Deus nos fez necessitados de conhecimentos a respeito DEle, e como é eterno e infinito, a nossa compreensão sobre Ele deve durar uma eternidade, e isso nos moverá sempre. Assim, viver limitado no tempo é gerar uma limitação da vida, porque a vida existe apenas NEle. O tempo muda, as coisas mudam, incluindo nossa percepção e modo de Vê-Lo. Porque mandar mensagens via pombo-correio, se o posso fazer através da internet? Veja, o conteúdo continua o mesmo, mas a forma de fazer mudou. E muitos ficam perdidos, isolados do mundo.

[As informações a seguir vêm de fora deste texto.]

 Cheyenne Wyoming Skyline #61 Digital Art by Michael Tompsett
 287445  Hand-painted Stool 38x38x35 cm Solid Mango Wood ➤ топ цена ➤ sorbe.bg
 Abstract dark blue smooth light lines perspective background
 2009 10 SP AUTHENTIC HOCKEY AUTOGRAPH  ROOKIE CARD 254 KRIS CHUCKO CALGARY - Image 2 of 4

Esse é sem dúvida um dos maiores perigos em relação ao apego as tradições ultrapassadas. Também pode ocorrer a mecanização da adoração e da relação com Deus, já que a pessoa passa a achar que existem apenas maneiras pré-determinadas de fazê-lo. Pode ocorrer ainda certa perseguição aos que pretendem algo diferente. Basta olhar para o exemplo de Jesus. Quantas vezes foi Ele perseguido pelos ávidos defensores da moral, do bom e da verdade?

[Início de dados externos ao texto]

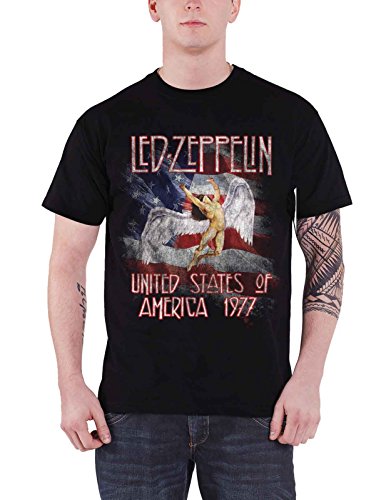 Led Zeppelin mens America 1977 T-Shirt, Black, Large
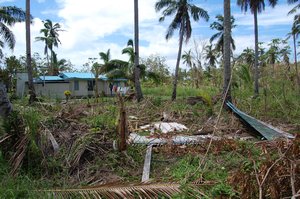 Cyclone damage to houses, Mali island, Fiji.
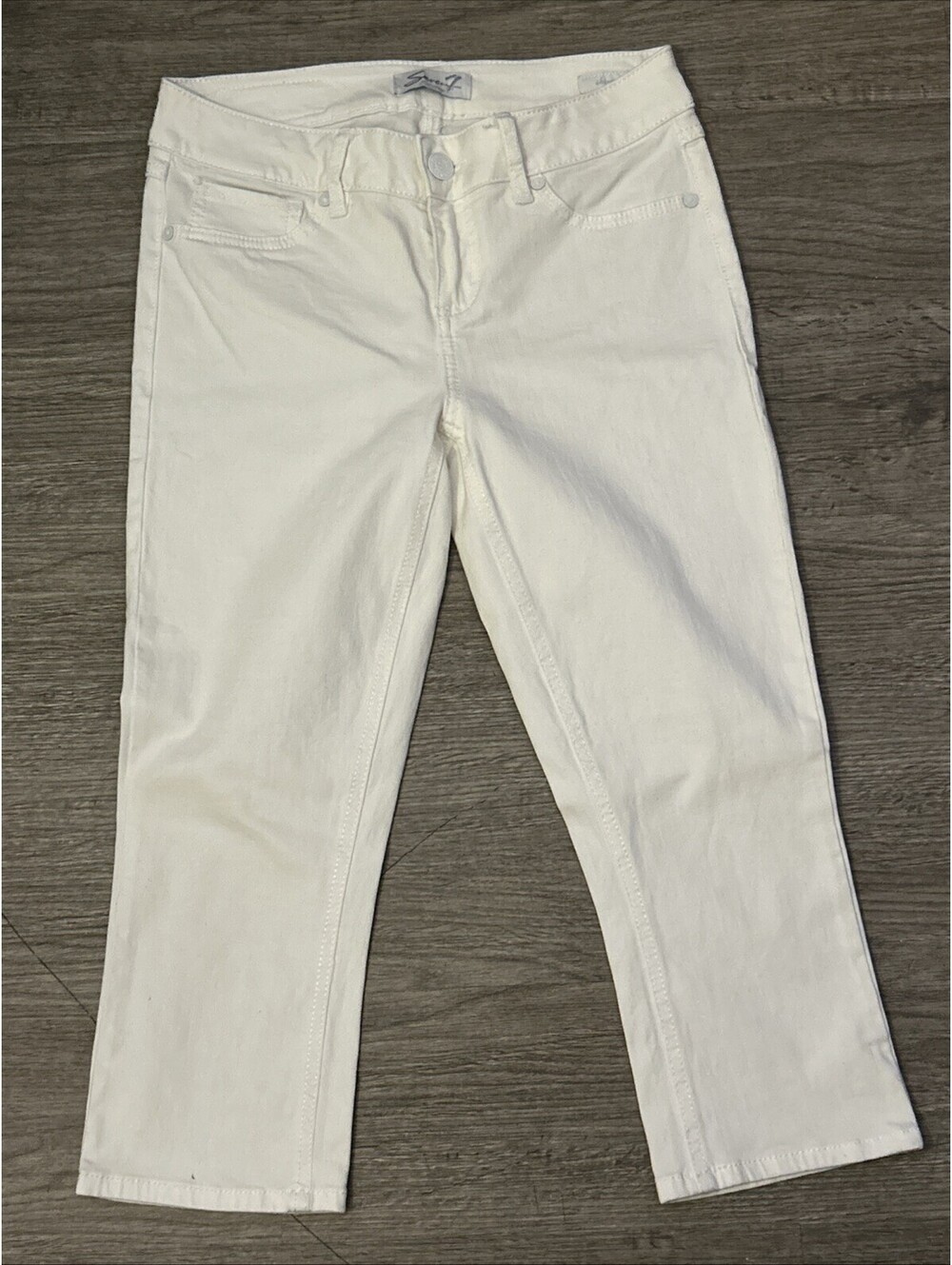 Seven7 Skinny Low Rise Jeans Womens Size 4 White Capri Style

Mas, o continuar a conhecer a Deus abre novas oportunidades. Novo culto, nova adoração, novo contato, novas formas de ver coisas antigas. É o novo melhorando o que já passou, e amanhã o processo deve repetir-se.
Mas, para isso, é preciso que este crescimento, seja acompanhado com a presença do Espírito Santo, pois somente Ele sabe o verdadeiro caminho e a verdadeira necessidade, de forma que o verdadeiro crescimento (ou mudança) seja efetivo e benéfico.
Enfim, que as palavras escritas por Deus para a nossa vida em Filipenses 3:13,14 possam encontrar guarida em nosso coração quando tratarmos sobre o assunto tradição e renovação em nosso meio:
“... faço uma coisa: esqueço-me do que ficou para trás e esforço-me por atingir o que está diante de mim. Deste modo, caminho em direção a meta para obter o prêmio que Deus nos prometeu dar no céu por meio de Cristo Jesus."
[1] Livro: O Desejado de Todas as Nações, capítulo: Levi Mateus, Ellen G. White.
[2] Livro: O Desejado de Todas as Nações, capítulo: Tradição, Ellen G. White.
[3] Texto: Três maneiras de se escrever para crianças, C. S. Lewis.